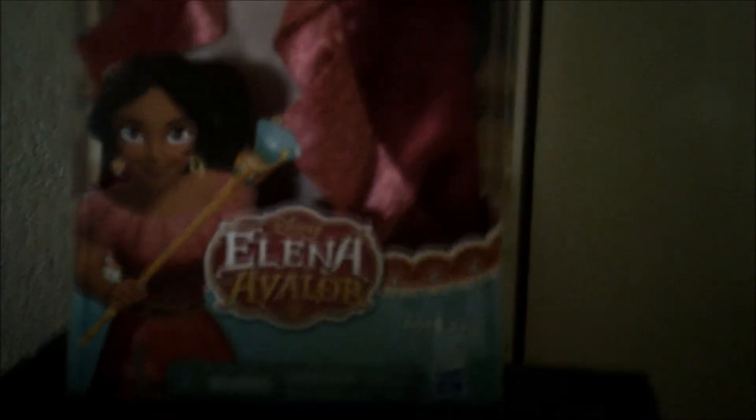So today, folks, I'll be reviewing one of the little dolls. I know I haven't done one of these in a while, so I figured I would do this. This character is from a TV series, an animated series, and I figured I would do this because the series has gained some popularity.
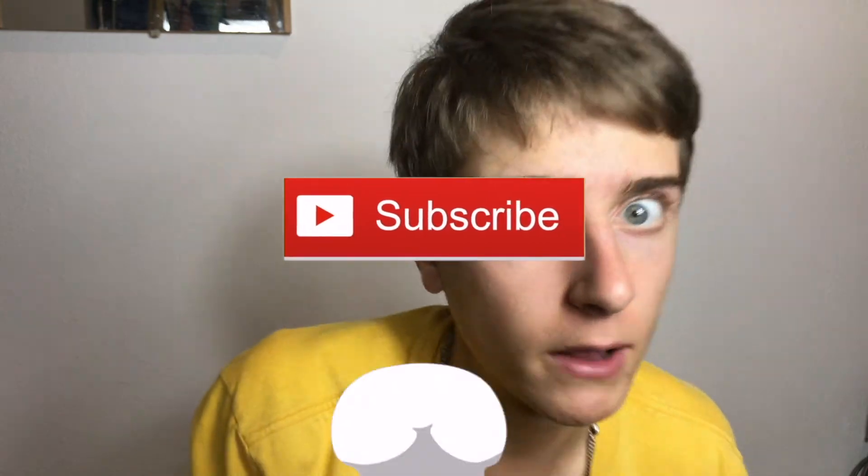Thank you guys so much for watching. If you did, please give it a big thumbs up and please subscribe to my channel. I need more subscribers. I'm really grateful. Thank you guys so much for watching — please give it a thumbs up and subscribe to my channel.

----------------

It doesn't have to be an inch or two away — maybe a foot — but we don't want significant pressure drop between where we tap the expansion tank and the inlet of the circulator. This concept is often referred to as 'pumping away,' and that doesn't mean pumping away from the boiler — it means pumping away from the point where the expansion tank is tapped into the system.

----------------

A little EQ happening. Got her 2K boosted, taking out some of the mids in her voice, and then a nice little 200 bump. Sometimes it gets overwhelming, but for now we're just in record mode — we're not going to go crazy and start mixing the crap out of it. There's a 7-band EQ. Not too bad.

----------------

Problem description: For the entries above, print exactly the lines between the one with "So today, folks, I'll" and the one with "Thank you guys so much for watching.", inclusive, with no pictures.

Answer space:
So today, folks, I'll be reviewing one of the little dolls. I know I haven't done one of these in a while, so I figured I would do this. This character is from a TV series, an animated series, and I figured I would do this because the series has gained some popularity.
Thank you guys so much for watching. If you did, please give it a big thumbs up and please subscribe to my channel. I need more subscribers. I'm really grateful. Thank you guys so much for watching — please give it a thumbs up and subscribe to my channel.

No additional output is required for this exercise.